(Task brief) Copy all lines containing the string "фото" from the records below.

(Records provided)
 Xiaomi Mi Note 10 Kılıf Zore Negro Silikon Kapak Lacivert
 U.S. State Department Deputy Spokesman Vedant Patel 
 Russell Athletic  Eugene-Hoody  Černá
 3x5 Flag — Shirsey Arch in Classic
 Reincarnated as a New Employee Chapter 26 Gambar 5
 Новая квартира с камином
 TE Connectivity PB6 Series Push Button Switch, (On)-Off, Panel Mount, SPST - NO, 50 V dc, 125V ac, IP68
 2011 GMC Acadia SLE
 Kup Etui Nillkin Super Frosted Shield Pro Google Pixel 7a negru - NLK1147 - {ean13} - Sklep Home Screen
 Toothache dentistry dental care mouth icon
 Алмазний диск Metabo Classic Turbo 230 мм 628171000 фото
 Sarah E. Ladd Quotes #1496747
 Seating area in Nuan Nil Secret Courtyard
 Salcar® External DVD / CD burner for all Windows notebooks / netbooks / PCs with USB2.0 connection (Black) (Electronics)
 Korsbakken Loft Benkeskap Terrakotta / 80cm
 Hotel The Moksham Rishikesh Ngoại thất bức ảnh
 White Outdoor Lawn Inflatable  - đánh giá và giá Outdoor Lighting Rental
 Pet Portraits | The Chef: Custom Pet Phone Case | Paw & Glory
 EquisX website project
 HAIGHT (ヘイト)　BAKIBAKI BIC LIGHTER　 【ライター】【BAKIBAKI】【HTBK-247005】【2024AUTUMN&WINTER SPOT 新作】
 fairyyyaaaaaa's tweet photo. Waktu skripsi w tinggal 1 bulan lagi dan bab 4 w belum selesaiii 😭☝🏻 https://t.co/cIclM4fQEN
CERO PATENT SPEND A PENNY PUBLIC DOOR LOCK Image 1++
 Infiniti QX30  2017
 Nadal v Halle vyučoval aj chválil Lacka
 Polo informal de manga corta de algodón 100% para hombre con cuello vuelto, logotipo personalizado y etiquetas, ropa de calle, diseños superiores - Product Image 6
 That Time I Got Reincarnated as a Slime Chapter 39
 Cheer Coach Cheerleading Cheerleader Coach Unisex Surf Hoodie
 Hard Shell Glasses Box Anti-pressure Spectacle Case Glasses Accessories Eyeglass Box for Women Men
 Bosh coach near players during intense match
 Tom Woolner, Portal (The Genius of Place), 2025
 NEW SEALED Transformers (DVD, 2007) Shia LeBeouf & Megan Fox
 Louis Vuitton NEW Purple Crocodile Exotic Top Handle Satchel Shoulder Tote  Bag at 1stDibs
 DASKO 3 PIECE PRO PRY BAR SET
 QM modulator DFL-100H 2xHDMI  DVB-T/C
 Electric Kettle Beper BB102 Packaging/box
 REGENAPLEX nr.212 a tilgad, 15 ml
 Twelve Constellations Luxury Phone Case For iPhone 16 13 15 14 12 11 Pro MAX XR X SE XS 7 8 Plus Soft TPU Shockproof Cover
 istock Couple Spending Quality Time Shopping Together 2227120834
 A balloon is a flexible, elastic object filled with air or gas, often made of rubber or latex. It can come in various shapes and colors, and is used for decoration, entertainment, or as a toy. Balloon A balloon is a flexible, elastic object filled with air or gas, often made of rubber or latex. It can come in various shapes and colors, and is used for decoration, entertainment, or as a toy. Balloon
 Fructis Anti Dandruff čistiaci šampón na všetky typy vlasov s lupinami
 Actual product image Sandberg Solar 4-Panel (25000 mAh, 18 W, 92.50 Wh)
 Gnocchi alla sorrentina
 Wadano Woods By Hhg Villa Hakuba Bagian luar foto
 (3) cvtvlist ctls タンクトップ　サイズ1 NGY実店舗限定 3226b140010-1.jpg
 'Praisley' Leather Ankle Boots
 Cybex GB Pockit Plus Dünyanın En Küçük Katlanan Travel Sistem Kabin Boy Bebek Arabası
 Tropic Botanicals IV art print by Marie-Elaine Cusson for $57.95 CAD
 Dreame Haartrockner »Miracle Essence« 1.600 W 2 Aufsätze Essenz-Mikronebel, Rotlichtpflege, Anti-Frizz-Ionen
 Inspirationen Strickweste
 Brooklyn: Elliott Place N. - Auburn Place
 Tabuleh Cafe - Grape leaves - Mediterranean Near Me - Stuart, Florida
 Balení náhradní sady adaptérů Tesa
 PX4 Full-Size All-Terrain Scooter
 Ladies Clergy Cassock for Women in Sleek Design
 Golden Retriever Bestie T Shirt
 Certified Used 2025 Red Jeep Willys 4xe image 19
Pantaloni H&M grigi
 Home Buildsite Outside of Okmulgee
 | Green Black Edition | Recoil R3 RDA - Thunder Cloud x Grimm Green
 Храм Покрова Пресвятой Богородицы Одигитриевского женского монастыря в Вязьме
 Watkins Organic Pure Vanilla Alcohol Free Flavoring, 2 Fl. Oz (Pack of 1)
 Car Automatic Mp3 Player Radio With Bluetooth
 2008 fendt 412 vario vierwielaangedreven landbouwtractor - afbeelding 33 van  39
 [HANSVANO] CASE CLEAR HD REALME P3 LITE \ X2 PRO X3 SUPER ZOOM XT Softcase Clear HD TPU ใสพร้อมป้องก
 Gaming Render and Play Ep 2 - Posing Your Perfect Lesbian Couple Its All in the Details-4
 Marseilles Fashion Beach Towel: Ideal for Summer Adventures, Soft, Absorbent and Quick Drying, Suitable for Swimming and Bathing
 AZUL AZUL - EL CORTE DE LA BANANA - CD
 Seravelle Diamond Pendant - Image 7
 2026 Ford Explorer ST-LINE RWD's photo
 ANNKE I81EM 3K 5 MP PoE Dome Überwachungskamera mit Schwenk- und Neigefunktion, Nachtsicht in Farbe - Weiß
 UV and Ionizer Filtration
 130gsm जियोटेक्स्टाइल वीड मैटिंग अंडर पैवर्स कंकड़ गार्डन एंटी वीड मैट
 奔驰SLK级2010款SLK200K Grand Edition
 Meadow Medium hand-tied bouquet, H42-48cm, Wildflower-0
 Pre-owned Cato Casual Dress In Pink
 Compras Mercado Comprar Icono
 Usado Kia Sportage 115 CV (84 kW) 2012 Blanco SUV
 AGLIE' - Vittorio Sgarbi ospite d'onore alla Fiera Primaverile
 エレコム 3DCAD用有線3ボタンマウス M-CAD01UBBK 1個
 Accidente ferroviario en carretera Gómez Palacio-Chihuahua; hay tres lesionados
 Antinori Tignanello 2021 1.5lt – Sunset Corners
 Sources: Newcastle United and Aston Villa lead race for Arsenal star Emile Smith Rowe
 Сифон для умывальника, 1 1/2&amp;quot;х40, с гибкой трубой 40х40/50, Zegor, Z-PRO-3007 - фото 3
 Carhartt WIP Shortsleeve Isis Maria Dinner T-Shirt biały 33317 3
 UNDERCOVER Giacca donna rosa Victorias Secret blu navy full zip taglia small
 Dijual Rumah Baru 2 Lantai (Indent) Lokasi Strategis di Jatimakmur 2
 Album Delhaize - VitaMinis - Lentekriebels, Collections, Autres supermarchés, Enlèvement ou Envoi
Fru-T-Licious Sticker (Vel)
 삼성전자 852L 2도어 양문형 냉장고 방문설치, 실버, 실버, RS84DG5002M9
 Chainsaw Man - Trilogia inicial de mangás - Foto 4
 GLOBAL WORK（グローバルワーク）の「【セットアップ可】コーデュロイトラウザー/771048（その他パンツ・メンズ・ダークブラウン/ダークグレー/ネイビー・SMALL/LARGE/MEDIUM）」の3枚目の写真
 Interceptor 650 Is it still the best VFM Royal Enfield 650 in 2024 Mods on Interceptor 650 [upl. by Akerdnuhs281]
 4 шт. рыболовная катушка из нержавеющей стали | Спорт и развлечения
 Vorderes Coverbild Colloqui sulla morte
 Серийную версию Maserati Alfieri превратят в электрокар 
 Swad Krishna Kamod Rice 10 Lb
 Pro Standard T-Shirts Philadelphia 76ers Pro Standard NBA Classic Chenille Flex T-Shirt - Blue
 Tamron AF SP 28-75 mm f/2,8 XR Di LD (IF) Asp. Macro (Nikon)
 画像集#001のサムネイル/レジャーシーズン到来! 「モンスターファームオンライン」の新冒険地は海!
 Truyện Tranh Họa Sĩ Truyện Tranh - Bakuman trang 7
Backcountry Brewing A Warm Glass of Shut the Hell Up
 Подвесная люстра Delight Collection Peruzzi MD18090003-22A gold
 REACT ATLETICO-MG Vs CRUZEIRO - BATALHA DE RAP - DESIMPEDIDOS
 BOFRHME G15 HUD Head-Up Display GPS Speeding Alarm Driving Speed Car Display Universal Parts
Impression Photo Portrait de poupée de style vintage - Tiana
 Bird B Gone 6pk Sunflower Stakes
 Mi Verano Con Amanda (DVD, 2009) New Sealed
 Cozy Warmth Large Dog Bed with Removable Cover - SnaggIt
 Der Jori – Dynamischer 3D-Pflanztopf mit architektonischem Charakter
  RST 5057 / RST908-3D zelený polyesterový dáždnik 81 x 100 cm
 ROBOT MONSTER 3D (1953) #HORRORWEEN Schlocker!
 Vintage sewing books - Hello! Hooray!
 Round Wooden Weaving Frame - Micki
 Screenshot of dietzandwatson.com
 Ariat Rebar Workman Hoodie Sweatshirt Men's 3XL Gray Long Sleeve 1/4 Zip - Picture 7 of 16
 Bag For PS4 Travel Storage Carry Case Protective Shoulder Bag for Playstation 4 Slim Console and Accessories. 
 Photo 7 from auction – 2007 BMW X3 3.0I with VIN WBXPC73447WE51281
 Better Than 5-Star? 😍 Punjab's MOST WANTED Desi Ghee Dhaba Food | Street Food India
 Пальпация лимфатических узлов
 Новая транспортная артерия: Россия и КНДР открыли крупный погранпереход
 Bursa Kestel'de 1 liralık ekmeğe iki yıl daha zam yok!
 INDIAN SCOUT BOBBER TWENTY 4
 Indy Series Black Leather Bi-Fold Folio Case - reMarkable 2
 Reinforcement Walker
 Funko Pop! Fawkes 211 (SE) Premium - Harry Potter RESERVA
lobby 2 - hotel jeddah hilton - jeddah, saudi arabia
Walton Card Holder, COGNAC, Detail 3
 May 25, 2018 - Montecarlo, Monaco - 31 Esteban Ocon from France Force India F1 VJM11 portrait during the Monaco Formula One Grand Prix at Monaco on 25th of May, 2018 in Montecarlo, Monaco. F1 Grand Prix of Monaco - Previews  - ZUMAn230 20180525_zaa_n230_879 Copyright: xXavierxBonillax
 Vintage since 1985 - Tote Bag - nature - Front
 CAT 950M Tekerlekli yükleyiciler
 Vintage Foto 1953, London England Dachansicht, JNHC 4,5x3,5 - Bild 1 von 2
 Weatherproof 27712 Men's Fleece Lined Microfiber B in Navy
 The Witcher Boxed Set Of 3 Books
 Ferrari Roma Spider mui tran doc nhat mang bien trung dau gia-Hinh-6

(Answer space)
 Алмазний диск Metabo Classic Turbo 230 мм 628171000 фото
 Сифон для умывальника, 1 1/2&amp;quot;х40, с гибкой трубой 40х40/50, Zegor, Z-PRO-3007 - фото 3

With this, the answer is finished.